Heja Kevir değil ama onun izinden giden Kenda, sonunda devrimci şiddeti sorgulayıp sivil itaatsizlik noktasına vararak ikinci emansipasyon yolunda bir adım daha atar:
‘Dünya artık elde ilah savaşmayarak farklı sivil itaatsizliğe dayalı mücadele yöntemleriyle de daha özgür ve yaşanılabilir bir yer olabilir. Savaşsız bir dünyayı savaşın ürettiği argümanlar üzerinden düşünerek yaratamayız.’ (s. 164-165)
Şizofrenik bir alem
Aytekin Yılmaz’ın, son kitabı da dahil bütün kitaplarını okuduğumuz zaman örgüt şeflerinin şizofrenik bir alemde yaşadıklarını görürüz. Şöyle ki, karşı tarafta suçladıkları ve lanetledikleri her kötülüğü fazlasıyla kendi saflarında yapmaktadırlar. Hapishaneleri kınarlar, kendileri hapishane kurarlar; işkenceyi lanetlerler, kendileri işkence yaparlar; infaza ve idama karşıdırlar, kendileri idamın ve infazın alâsını yaparlar; fikir özgürlüğünü savunurlar, kendi içlerinde fikir özgürlüğüne izin vermezler; vicdani reti savunurlar, kendi gerillalarını savaştan kaçtı diye kurşuna dizerler vb.

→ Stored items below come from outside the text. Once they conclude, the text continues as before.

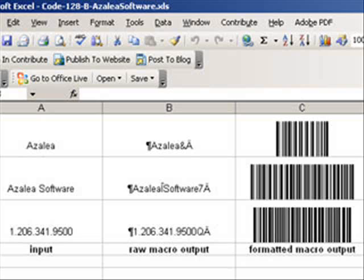Let's see how you create a code 128 barcode in Excel using the fonts in C128 tools.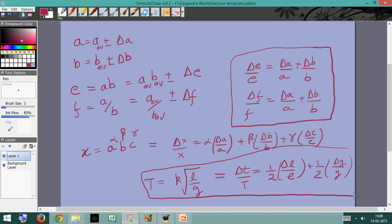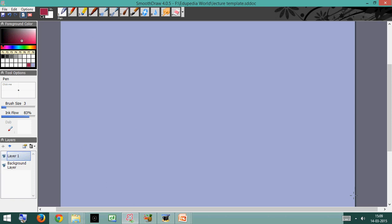So to summarize: if we know quantities in the form a_avg ± delta_a and b_avg ± delta_b, we can calculate the error in any composite quantity formed by addition, subtraction, multiplication, or division. When two quantities are added or subtracted, the absolute errors add up. When two quantities are multiplied or divided, it's the relative errors which add up.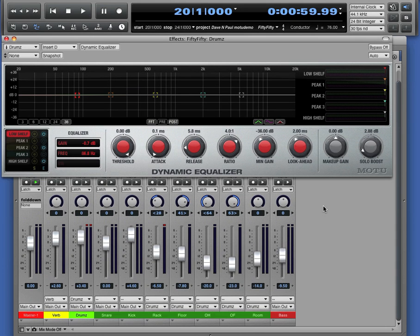In this video I'm going to show you one of the new high-end plugins that ships with Digital Performer version 8. This is the Dynamic Equalizer.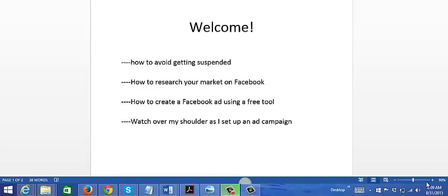I'm also gonna show you how to create a Facebook ad using a free tool, and I'm also gonna let you watch over my shoulder as I set up an ad campaign on Facebook.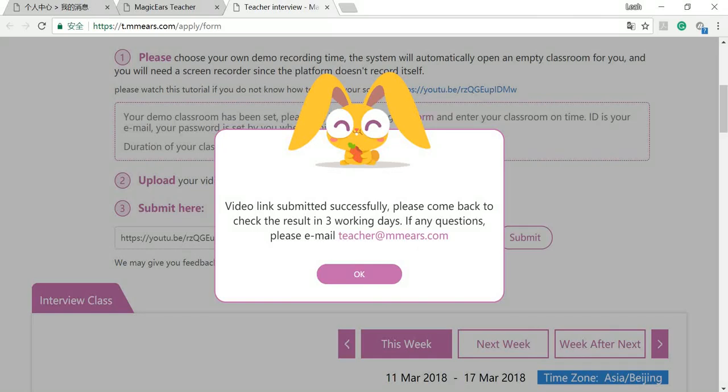If you can see the message, that means your video link has been submitted successfully to your assistant and we will contact you in a few working days. Thank you.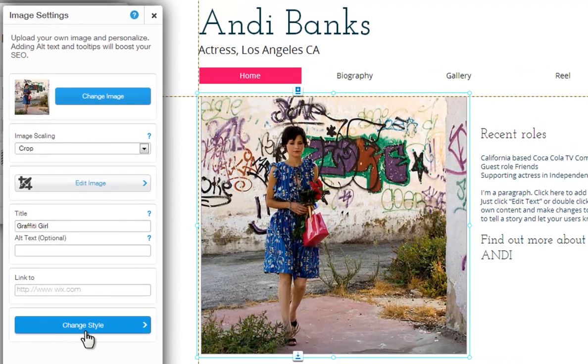Last, you can change your image style from here to customize your image even more. And that's it. Go ahead and add your images to your site.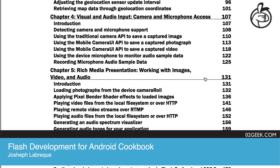Let's jump over to chapter four. Chapter four is called Visual and Audio Input: Camera and Microphone Access. Can you tell us a bit more about that? What does that mean from audio input? Could Flash actually understand what we're saying and stuff like that, or not that level?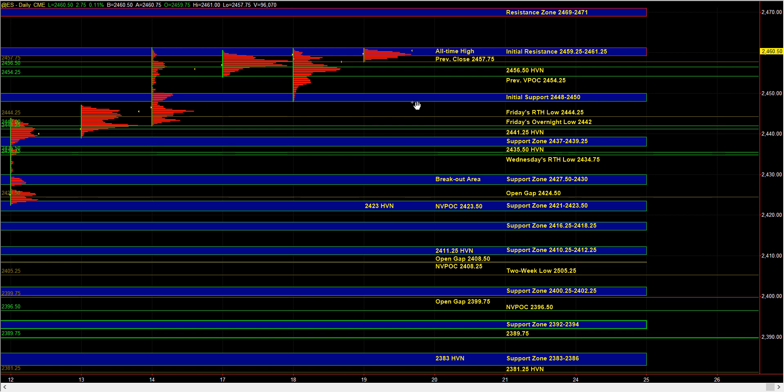That is still a spot where responsive buyers can be active. And then below that, we have last Friday's RTH low at 44 quarter, Friday's overnight low at 42, a high volume node at 41 quarter, and larger time frame support at 37 to 39 quarter.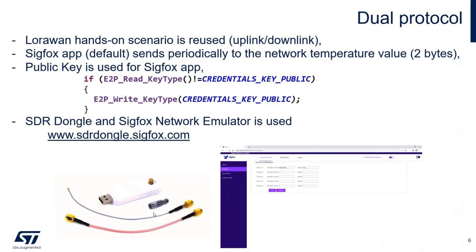And in order to show you the Sigfox activity, I will use the portable Sigfox base station only for development purpose. It is so-called SDR dongle and related to this hardware Sigfox network emulator.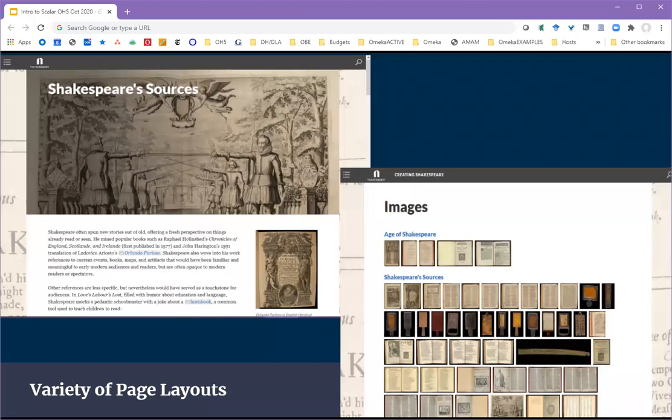Scalar offers a variety of page layouts. You can have pages that are just images, just text, text and images interspersed, or use third-party programs like Google Maps or timelines.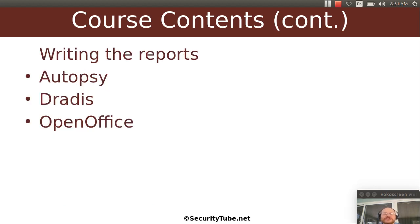We will also talk about everybody's least favorite part — writing reports. We'll talk about a couple of tools out there that can ease that pain a little bit, such as Autopsy, Dradis, and even OpenOffice.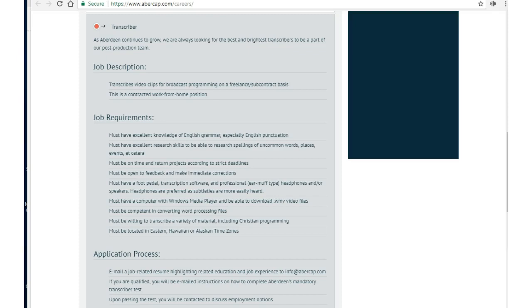That's pretty much it for Aberdeen as a transcriptionist. For more information and 420 other work-at-home jobs, check the description box below. This is the Work at Homemade from workathomemade.com.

Ve şu işe bakın ki, mücadele sırasında en fazla başvurdukları mücadele tarzlarından biri olan açlık grevi kendilerine karşı yapıldığında, örneğin Heja Kevir yargılanması sırasındaki hukuksuz uygulamaları protesto etmek üzere açlık grevine gittiğinde ona şunu söylerler:
“Bu partiye karşı yapılmış çok ağır bir ihanet eylemidir.” (s. 71)
Öyle ya, kendilerine grevin en büyük sınıfsal mücadele silahı olduğu öğretilen işçiler de sosyalist devlette greve gittiklerinde ihanetle suçlanıp karşılarında “sosyalist devlet”in silahlı güçlerini bulmamışlar mıydı? Tam bu noktada yakında çevirdiğim, Buharin’in eşi Anna Larina’nın Unutulmayan adlı otobiyografisinde geçen bir açlık grevi konusunun Aytekin’in kitabındaki anlatımla benzerliğine dikkat çekmeden geçemeyeceğim. Buharin, Politbüro tarafından sorgulanmasını protesto etmek üzere açlık grevine başvurur. O haliyle plenuma gidip bitkin bir halde merdivenlere çöktüğünde, karşısından gelen Stalin, Buharin’e şöyle seslenir:
‘Açlık grevine gittiğin için plenumdan affını iste.’
Ustalarının kim olduğu belli değil mi?
Romanın yapısı üzerine birkaç söz
Aytekin Yılmaz’ın Labirentin Sonu (İletişim, 2003) ve Yoldaşını Öldürmek (İletişim, 2016) kitapları güçlü anlatı kitaplarıdır. Bunun dışında üç romanı vardır: Dağ Bozumu (Doğan, 2011); Sığınamayanlar (Doğan, 2016) ve son romanı Ernesto’nun Dağları (Siyah Kitap, 2017). Bana soracak olursanız, üç roman içinden kurgusuyla ve anlatımıyla en güçlü olan ilk roman Dağ Bozumu’dur. Ernesto’nun Dağları’nda baştan romanın sonunu tahmin etmek mümkün, dolayısıyla romanda merak unsuru zayıf kalmış. Diğer yandan Aytekin, zaman zaman romancı soğukkanlılığını kaybedip, Heja Kevir’den ve Kenda’dan önce atılarak fikrini ya da yargısını söyleyivermektedir. Bir de sanırım kitabın daha dikkatli bir redaksiyona ihtiyacı vardı.